We reported net investment income of $1.1 million during the third quarter of 2011, reflecting a net gain of 0.1% on our investment portfolio. We reported a net investment loss of $54.6 million for the first nine months of 2011, reflecting a net investment loss of 5.1%. The fully diluted adjusted book value per share as of September 30th, 2011 was $19.74, a 0.7% decrease from $19.87 per share reported at September 30th, 2010.
I’d now like to turn the call back to Bart, who will provide some concluding remarks.
Thanks Tim. Third quarter of 2011 has continued the successful expansion of our underwriting franchise both in Cayman and now in the European Union through our new Dublin office, where we’re building solid relationships with brokers and potential partners.
In addition, we continue to believe that our investment portfolio is well positioned in what our still uncertain financial markets. We believe we have the right platform to generate above average risk adjusted returns over the long term without making huge bets on unpredictable and unmeasureable weather and quake events.
We have executed this differentiated strategy consistently since we started operations in 2005 and we will continue to do so in the future. The upgrade to an “A” grading by A.M. Best is a testament to our model, our team and the successful execution of our plans.

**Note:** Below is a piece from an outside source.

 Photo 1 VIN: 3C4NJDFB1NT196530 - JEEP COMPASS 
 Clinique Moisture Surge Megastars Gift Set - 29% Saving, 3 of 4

Our goal is to build long-term shareholder value by writing a concentrated underwriting portfolio with the best risk adjusted returns we can find and to use the float generated from these contracts to invest in our value oriented long short investment program, which has generated superior returns with less volatility than the overall equity markets. We will continue to execute on this strategy and remain focused on driving our key yardstick increased fully diluted book value per share.
Appreciate your continued confidence in Greenlight Re. Thank you again for your time. And now we would like to open up the call to questions.
We will now begin the question-and-answer session. (Operator Instructions). Should you have any follow-up questions please direct them to Alex Stanton of Stanton Public Relations & Marketing at 212-780-0701, and he will be happy to assist you. We also remind you that a replay of this call and other important information about Greenlight Re is available on our website at www.greenlightre.ky.
The conference is now concluded. Thank for attending today’s presentation. You may now disconnect.